Campaign challenges idea that all vets look like James Herriot

Veterinary professionals are flocking to social media to break the stereotype of what a vet should look like.

#looklikeavet has been growing in popularity, with vets and veterinary nurses using the hashtag to bring an end to sterotypes about gender, ethnicity, sexuality, class and disability.

Ex-RCVS president Neil Smith shared a photograph of himself outside the Ebola treatment centre in Hastings, Sierra Leone.

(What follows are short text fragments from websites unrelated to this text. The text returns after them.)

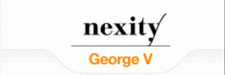Nexity-logement.com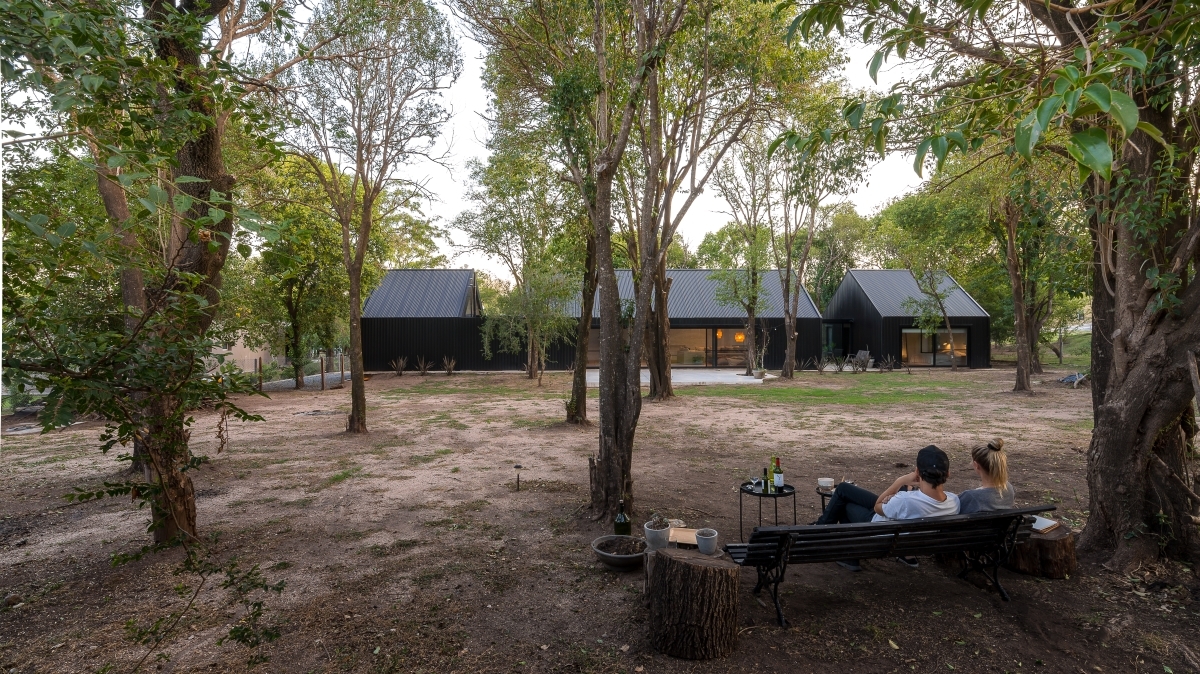 内外翻转的神秘黑屋——拉尼格尼塔-43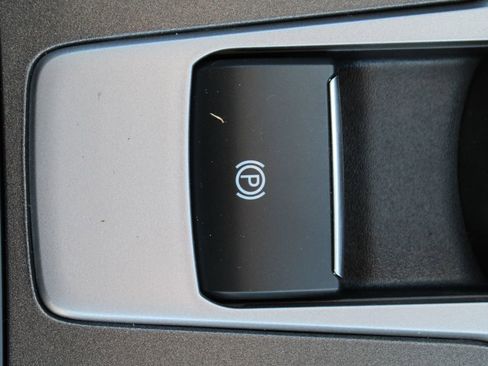 New 2026 Ford Bronco Sport Big Bend image 32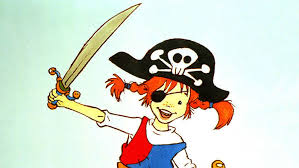 Wo kommt das denn im film vor ? Pippi Langstrumpf Die Zeichentrickserie Kinder Serien Tvbutler At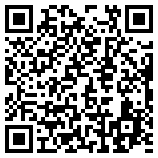 QR Code for The Country Cafe in Middleburgh, NY 12122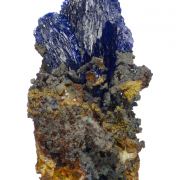 Azurite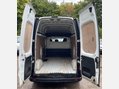 Renault Trafic 1.6 dCi ENERGY 29 Business LWB High Roof Euro 5 (s/s) 5dr 11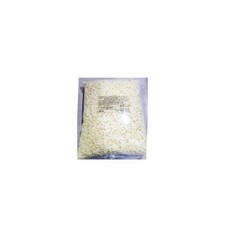 클래식치즈( E-lnd 82 2.5k) 치즈 모짜렐라치즈, 1개, 2.5kg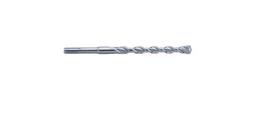 Grąžtas betonui Makita V-PLUS; 12x600 mm; SDS-plus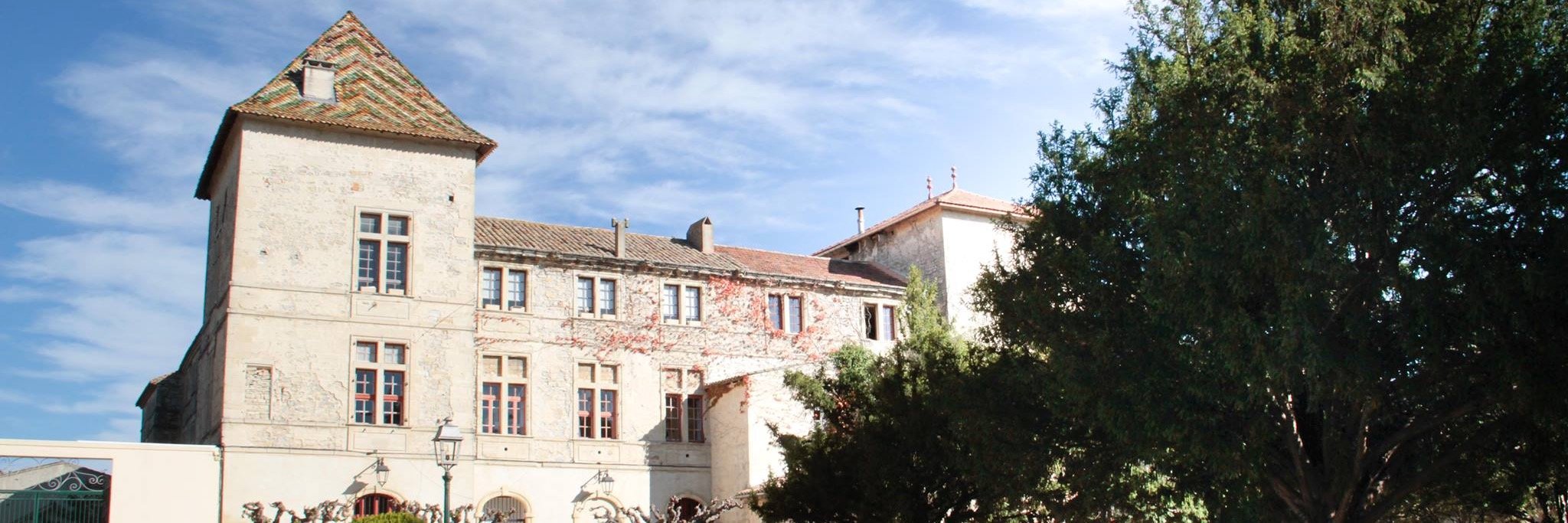 CCaveirac's profile banner image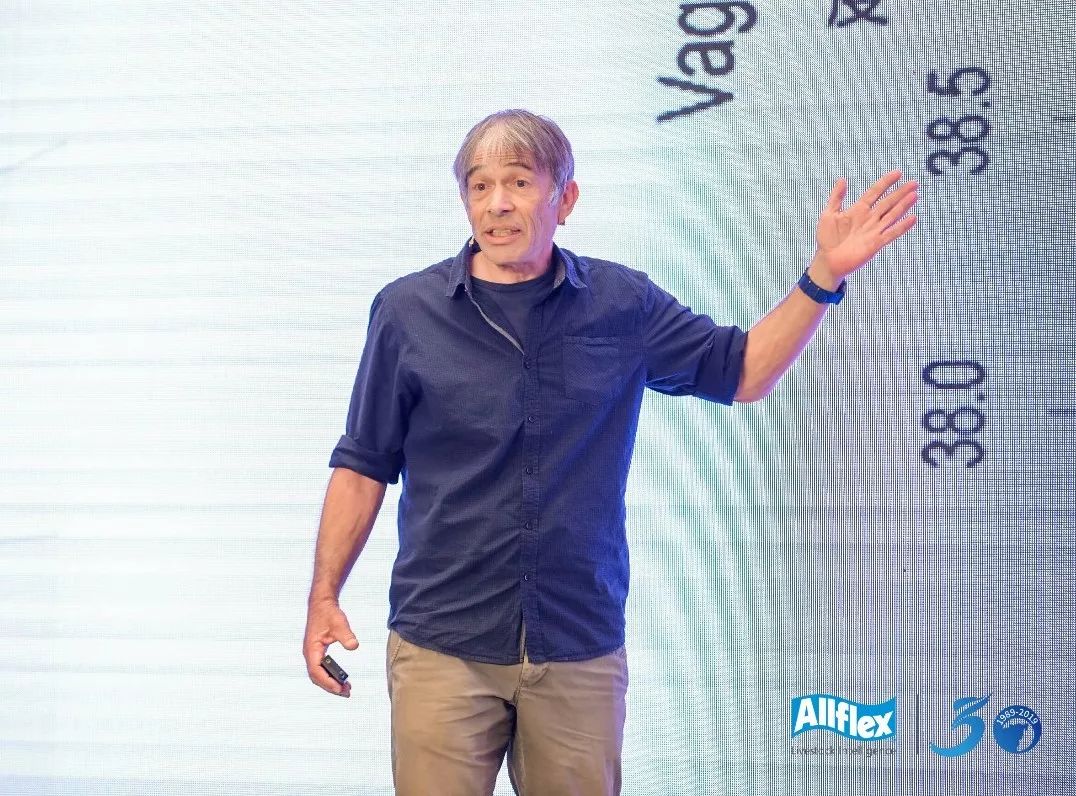 大数据万万没想到,万万没想到深度解析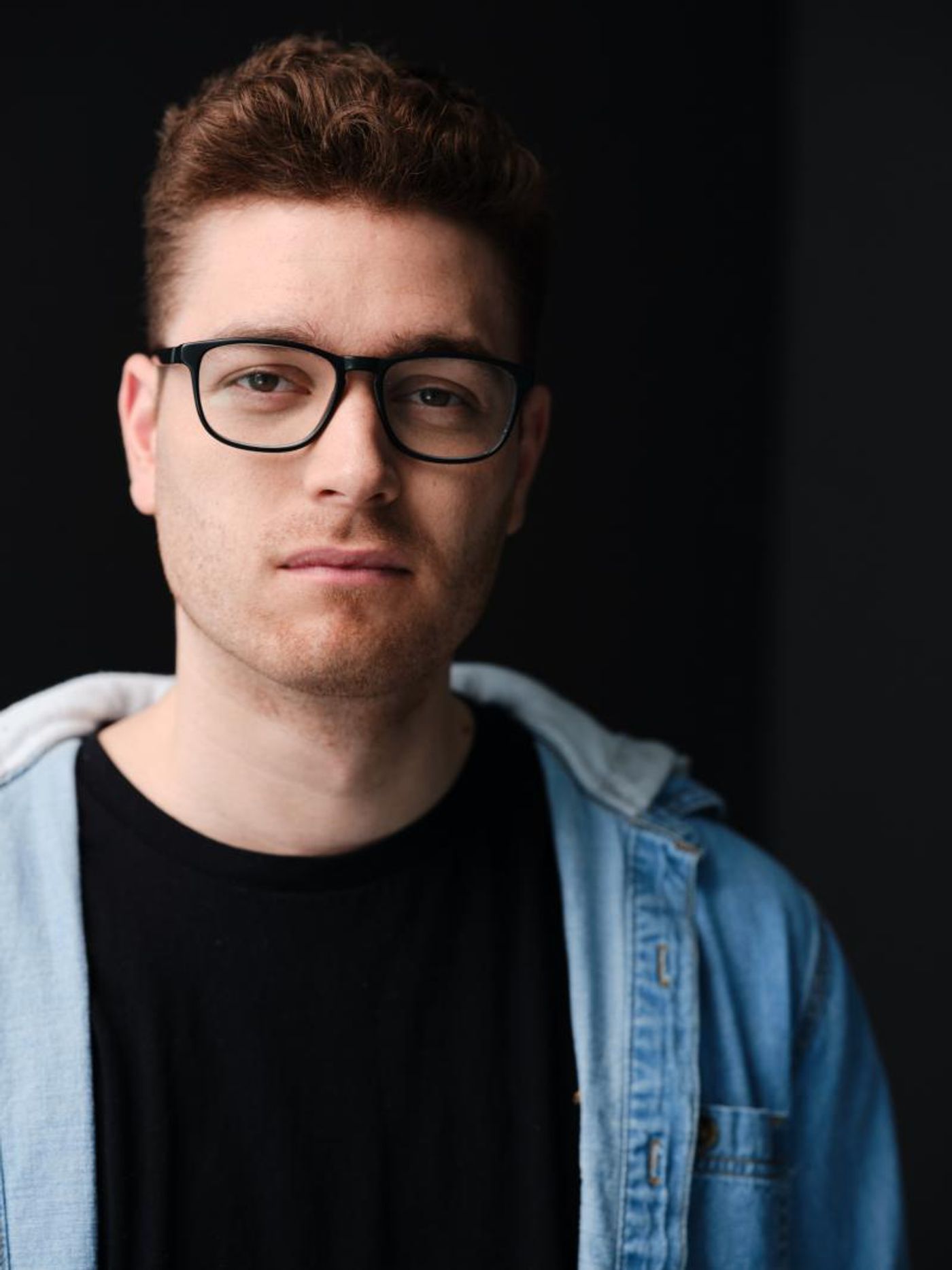 BWW Previews: MALUNDERSTOOD at MainLine Theatre 1/30-2/9  Image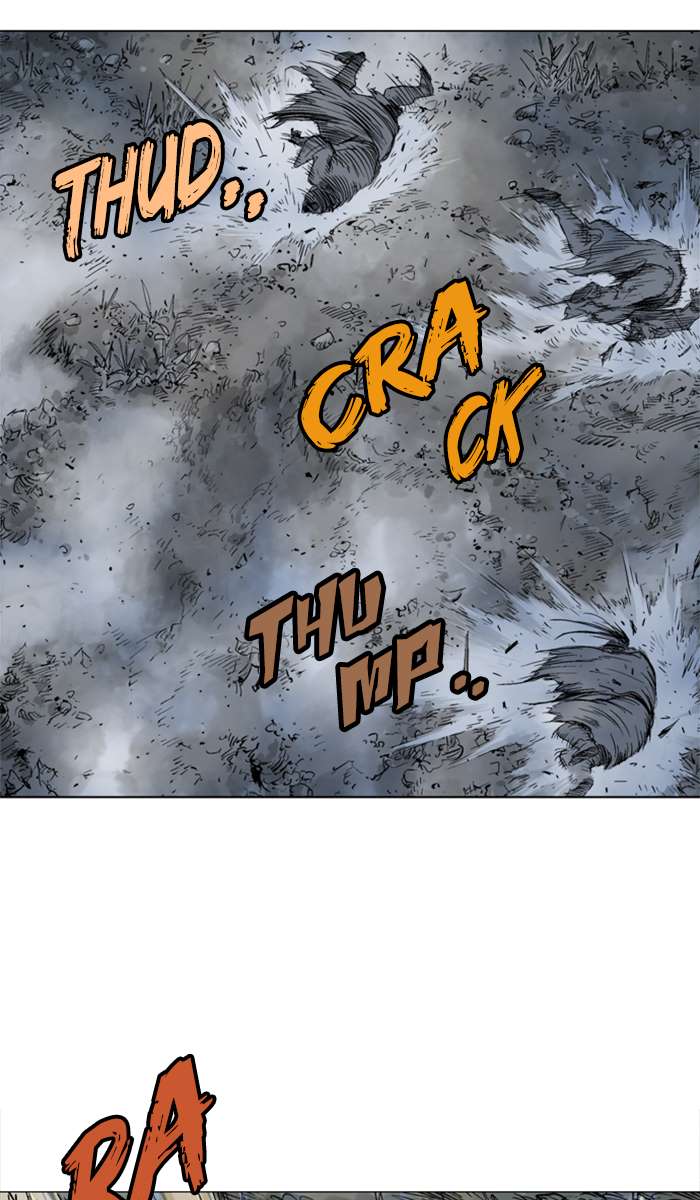 Baca Gosu - Chapter 98 halaman 83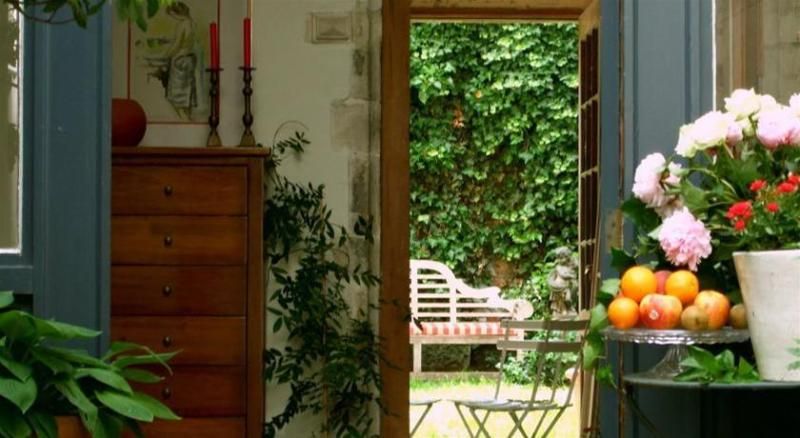 De Koning Van Spanje 1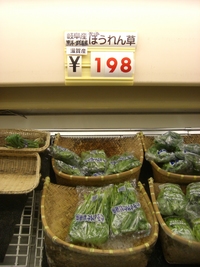 高っ！！
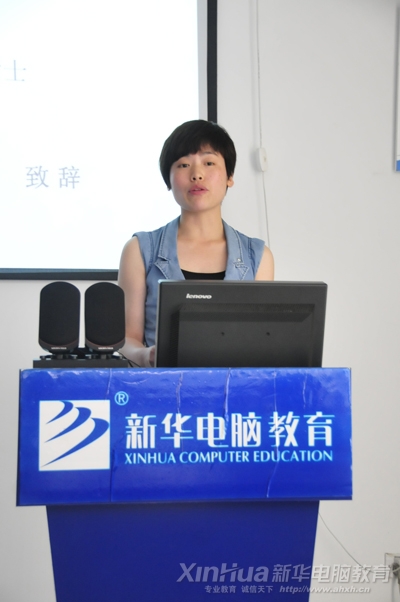 Ϻۻ＼gɷ޹˾YԴ[ۻӖ_xʽo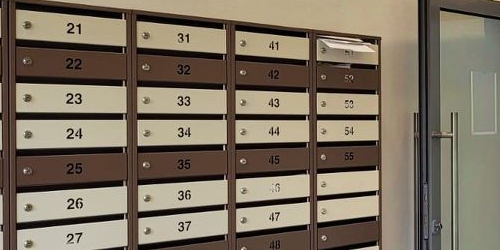 2-комн квартира Приморский проспект, 54к2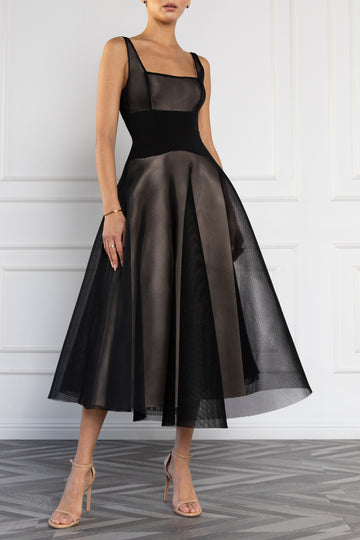 The Little Black Dress Black Halo The Little Black Dress Black Halo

Neil, who is chief veterinary officer of the British Army, tweeted: There's huge diversity in the profession. @RCVS_UK what other examples can we come up with? #LookLikeAVet.'

Others taking part include Lucy Barker, an ECVIM resident in internal medicine, who shared a picture of herself on a night out with friends.

Equine vet Danny Chambers also got on board with the campaign, tweeting: ’Ditched the chequered shirts and boots for suits and sunglasses to work in Iraq on a livestock improvement programme!’

The hashtag was started by zoologist Dr Naomi Harvey who said that she wanted to break down the idea that all vets should look like James Herriot.

It was inspired by an article written by Lucy Dobree that has been shared more than 5000 times on Facebook. Published in The Guardian, the article describes Lucy’s experience’s of being a female vet and the sexism she has come up against in practice.

She writes: ‘You’d be surprised at the number of people I see who seem genuinely shocked to see a young female veterinary surgeon standing behind the examination table. Some clients are more vocal about this than others.

‘One charming chap, who entered the room carrying a dog so flea infested that I wanted a shower after seeing it, informed me, after staring at my chest for about two minutes that he didn’t think that 'little girls' like me were allowed to do this job.’

Lucy adds that when she graduated, she didn’t realise how deeply ingrained the image of a 'James Herriot' seemed to be in the national psyche.

‘People seem to think vets should look a certain way - ideally as much like a balding middle aged man as possible,’ she said.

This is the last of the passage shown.